In the present work, a numerical model that calculates the surface energy blance, mass balance and temperature in the uppermost 25 m of ice at a single location on a glacier is presented. The model is forced by five “basic” meteorological elements: air temperature and humidity, wind speed, cloud amount and precipitation. The model was developed for studies of the Greenland Ice Sheet. Parameterizations of the surface energy fluxes were optimised with data mainly from the ETH Camp, West Greenland (1155 m a.s.l.). The model was tested on data collected during the summer of 1990 in the ETH Camp. In this case measurements of the radiative fluxes could be used. A reasonable fit between measurements and calculations of mass balance and englacial temperature could be obtained.

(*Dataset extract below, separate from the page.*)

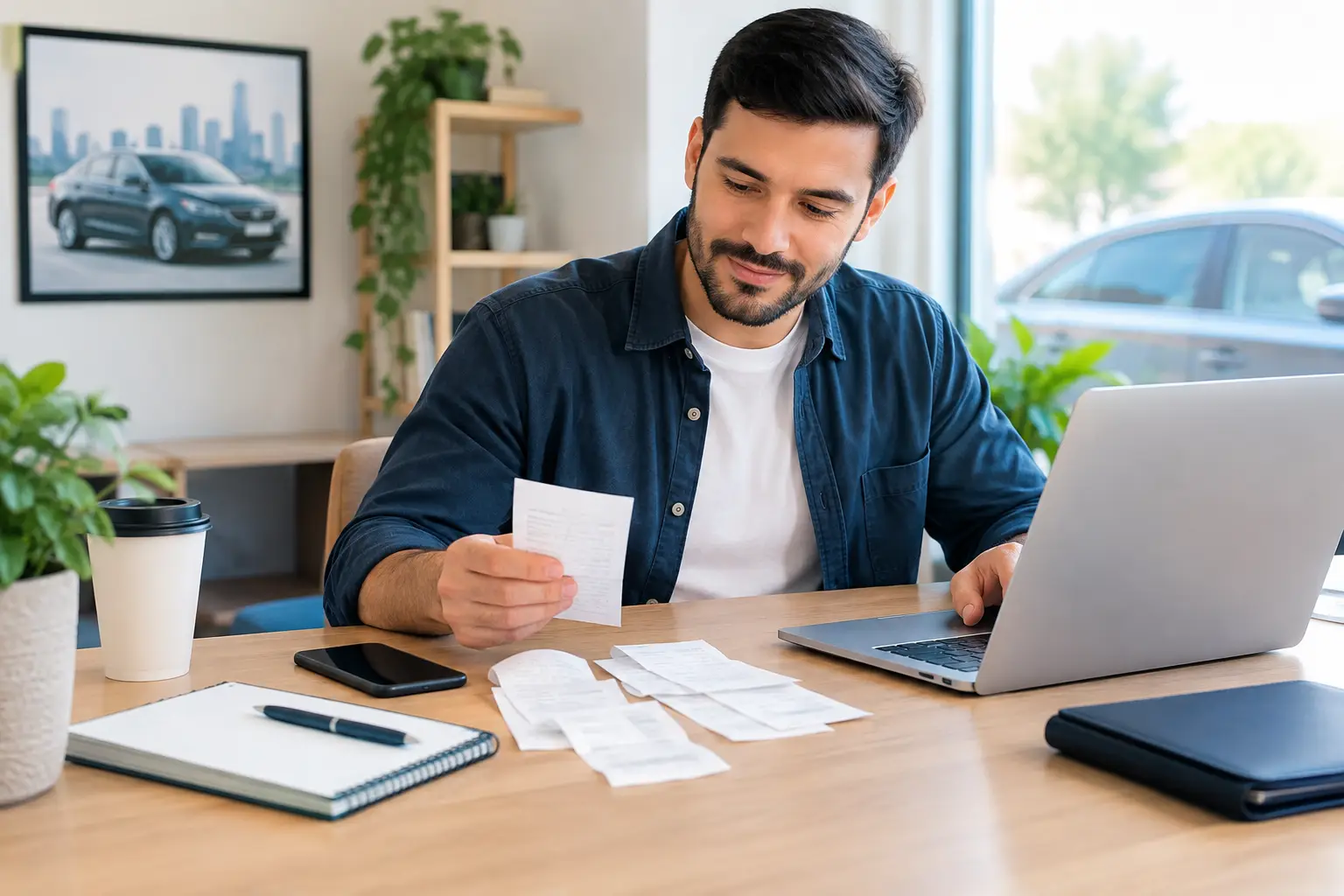 You are currently viewing Expense Tracking Guide for Rideshare Drivers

The energy balance of this summer is discussed. In a second application, the annual cycle of the energy and mass balance and the englacial temperature at the location of the ETH Camp was simulated. In this case long term average values of the input variables were estimated from measurements at other locations and the radiative fluxes were computed with the parameterizations. The effect of model uncertainties on the calculated mass balance and 10 m ice temperature is discussed. The energy balance and the relation between air and ice temperature are analysed. The uncertainty in the calculated ablation is so large (500–1000 mm w.e./yr) that the contribution of ablation on the Greenland Ice Sheet to sea-level rise cannot be calculated with sufficient accuracy (i.e. 60 mm w.e./yr) with this kind of model. However, the model should be appropriate for the determination of the sensitivity of ablation to climate change. It is predicted that at the ETH Camp the mass balance will decrease by 610 mm w.e./yr after a temperature increase of 1°C.